In South Africa, white women were allowed to play football in the 1960s because of apartheid. Despite their race, those women still managed to grow women's involvement in the sport, subverting many gender expectations. Social scientist Cynthia Pelak quotes in Peter Alegi's African Soccerscapes that "South African women of European ancestry challenged gender expectations and forged new opportunities and identities in soccer." African women were prohibited from participating, often taking up roles in different teams' fan clubs. This led to the formation of the South African Women's Football Association (SAWFA). Very few African female players were able to play on teams, as the South African government wanted a chance to reenter international sports. South African women's involvement in football grew dramatically after the end of apartheid in the 1990s. Black women became the majority of players, switching roles with white players, who were now in very few supply in the country.

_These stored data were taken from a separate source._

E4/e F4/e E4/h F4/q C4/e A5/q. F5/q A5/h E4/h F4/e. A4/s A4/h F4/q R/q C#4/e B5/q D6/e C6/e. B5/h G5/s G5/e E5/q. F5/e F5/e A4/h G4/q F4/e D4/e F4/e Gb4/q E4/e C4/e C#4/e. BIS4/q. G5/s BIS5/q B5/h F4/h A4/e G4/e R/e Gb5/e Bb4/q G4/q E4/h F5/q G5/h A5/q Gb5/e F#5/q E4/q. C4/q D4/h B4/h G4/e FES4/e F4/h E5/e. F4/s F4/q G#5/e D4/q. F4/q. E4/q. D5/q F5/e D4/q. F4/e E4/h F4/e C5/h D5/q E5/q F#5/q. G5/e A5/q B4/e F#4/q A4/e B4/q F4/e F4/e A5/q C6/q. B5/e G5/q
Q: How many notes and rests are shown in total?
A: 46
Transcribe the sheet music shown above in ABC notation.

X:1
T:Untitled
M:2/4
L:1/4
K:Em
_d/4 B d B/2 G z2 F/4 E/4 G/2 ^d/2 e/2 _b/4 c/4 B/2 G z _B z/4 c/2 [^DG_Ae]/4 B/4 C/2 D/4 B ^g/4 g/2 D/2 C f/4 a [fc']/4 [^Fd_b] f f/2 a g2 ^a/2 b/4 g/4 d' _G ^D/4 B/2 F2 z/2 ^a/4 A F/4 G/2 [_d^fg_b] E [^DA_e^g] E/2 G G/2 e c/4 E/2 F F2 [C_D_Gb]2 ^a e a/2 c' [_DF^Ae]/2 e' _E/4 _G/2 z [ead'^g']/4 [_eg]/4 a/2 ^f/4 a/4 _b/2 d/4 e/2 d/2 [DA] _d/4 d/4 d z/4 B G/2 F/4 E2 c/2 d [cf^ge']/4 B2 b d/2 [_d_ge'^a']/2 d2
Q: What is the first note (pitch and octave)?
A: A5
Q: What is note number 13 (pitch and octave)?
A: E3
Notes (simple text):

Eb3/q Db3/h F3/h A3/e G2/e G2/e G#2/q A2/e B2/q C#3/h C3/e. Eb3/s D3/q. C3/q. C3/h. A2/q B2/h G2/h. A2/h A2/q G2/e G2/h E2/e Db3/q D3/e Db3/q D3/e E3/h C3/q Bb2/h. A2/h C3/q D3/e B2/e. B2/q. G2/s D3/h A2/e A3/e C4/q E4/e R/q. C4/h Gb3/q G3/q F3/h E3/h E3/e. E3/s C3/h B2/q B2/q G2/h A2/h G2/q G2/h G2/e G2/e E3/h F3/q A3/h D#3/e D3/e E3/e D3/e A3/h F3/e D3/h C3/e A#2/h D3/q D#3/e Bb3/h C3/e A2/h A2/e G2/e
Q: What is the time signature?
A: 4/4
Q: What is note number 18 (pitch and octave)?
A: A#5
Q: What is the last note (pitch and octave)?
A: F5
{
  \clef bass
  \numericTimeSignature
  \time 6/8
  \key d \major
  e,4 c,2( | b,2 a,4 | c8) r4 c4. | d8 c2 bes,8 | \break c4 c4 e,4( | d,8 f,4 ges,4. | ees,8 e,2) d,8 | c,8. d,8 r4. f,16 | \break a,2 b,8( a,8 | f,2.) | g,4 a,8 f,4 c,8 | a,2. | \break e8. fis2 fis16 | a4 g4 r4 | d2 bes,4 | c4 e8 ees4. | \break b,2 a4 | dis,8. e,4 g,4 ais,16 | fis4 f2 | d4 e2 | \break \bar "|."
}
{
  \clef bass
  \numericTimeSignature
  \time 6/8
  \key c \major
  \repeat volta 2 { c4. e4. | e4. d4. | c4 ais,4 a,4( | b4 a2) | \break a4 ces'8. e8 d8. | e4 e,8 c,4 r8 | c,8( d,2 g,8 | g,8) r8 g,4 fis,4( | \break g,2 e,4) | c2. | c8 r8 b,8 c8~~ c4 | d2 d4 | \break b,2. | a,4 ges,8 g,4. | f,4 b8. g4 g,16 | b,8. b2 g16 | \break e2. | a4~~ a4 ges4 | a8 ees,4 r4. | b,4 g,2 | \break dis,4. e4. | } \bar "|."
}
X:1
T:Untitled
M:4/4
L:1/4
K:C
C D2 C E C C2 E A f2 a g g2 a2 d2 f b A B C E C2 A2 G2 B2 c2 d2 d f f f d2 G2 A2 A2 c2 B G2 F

As Peter Alegi states in his book African Soccerscapes, "The boom in women's soccer around the world in the 1990s and 2000s fueled the creation of women's leagues and clubs and the further strengthening of the game in Africa."

==Popularity==
Football has had to compete with a number of sports that are more popular with women across the continent, including track and field, netball, basketball, team handball and other sports. The masculine nature of football has proved a deterrent to women's involvement in football in Africa.

==Behind the scenes==
While women were not always playing the game, they supported Footballs development by the 1920s women took on support roles that freed up time and resources which allowed men to actively participate. During the 1960s in South Africa, women began to emerge as leaders in the sport, taking on leadership positions in fan clubs.

==Fans==
Single women were attending games by the 1960s.

==National teams==
Before 1985 across the globe very few countries had a national women's football team. In Africa, this was true with for many countries including Burundi and Madagascar with their senior national sides having yet to play a FIFA sanctioned match.